DFPF: Und welches Produkt ist dann in der Entwicklung entstanden?

Laura: Im Team haben wir Bekleidung entwickelt, die ein flexibles textiles Raster hat, wodurch kleine Massagekugeln an alle Stellen des Körpers bewegt werden können. So können Druckpunkte im Körper gezielt stimuliert werden. Mit dem Produkt wollen wir jetzt erstmal als Wellness-Produkt durchstarten und auf lange Sicht planen wir eine Zertifizierung als Medizinprodukt.

 

DFPF: Habt ihr bei der Entwicklung dann auch über ein Patent nachgedacht?

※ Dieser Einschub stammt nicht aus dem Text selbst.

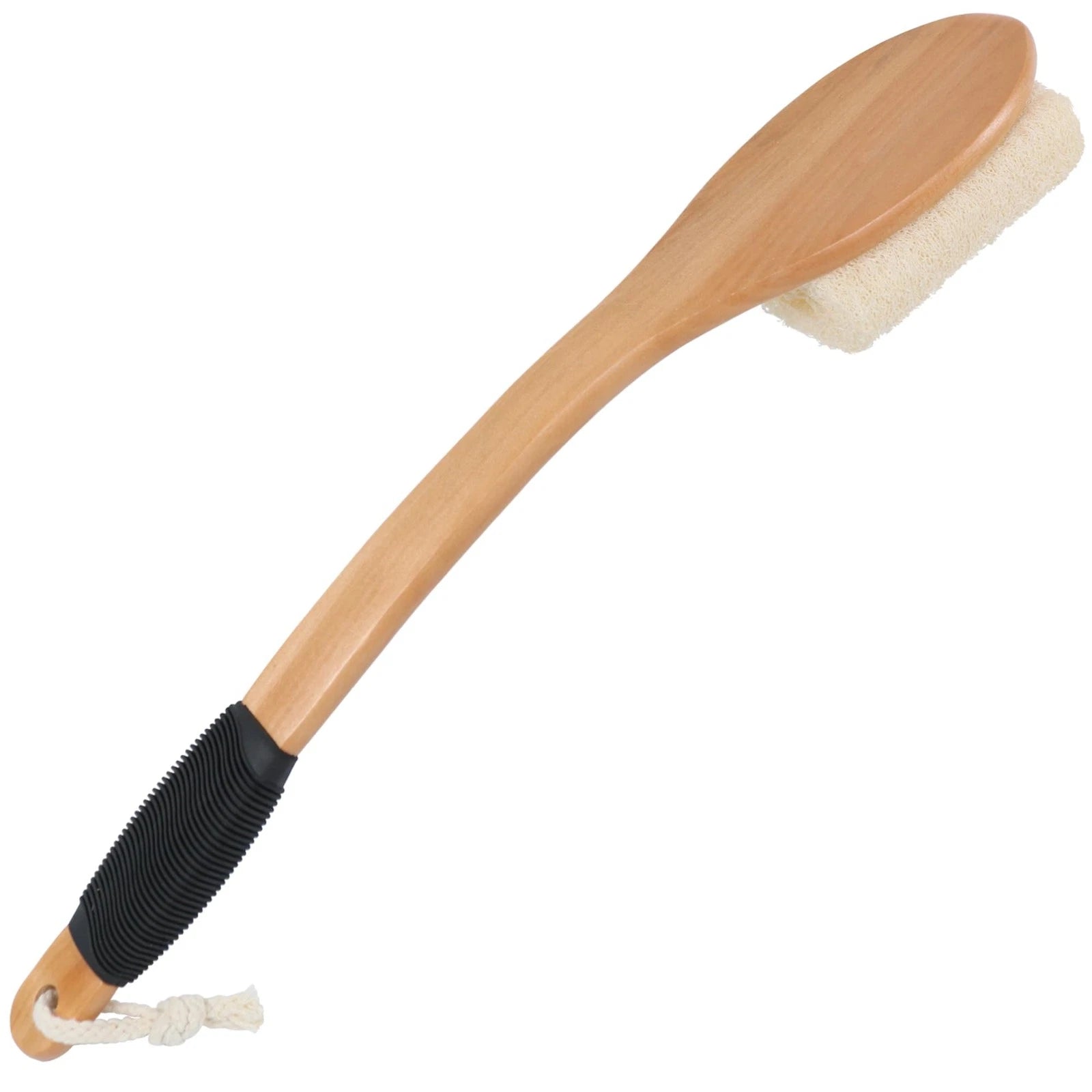 Back Loofah Scrubber Brush with Long Handle, Hard Loofa Sponge Body Bath Scru...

Laura: Wir haben die Kombination aus Textil und einem externen Stimulus, in diesem Fall die Kugel, um gezielt Stellen am Körper stimulieren zu können, patentieren lassen. Das Textil ist zweilagig mit einem textilen Raster gestrickt und durch die Kompression verrutschen die Kugeln daher am Körper auch nicht, sondern lassen sich nur durch gezieltes Drücken an die gewünschte Stelle weiterbewegen.

 

DFPF: Spannend an deiner Beschreibung finde ich hier auch, dass du mit diesen technischen Raffinessen auf ein ästhetisch gestaltetes Produkt Bezug nimmst.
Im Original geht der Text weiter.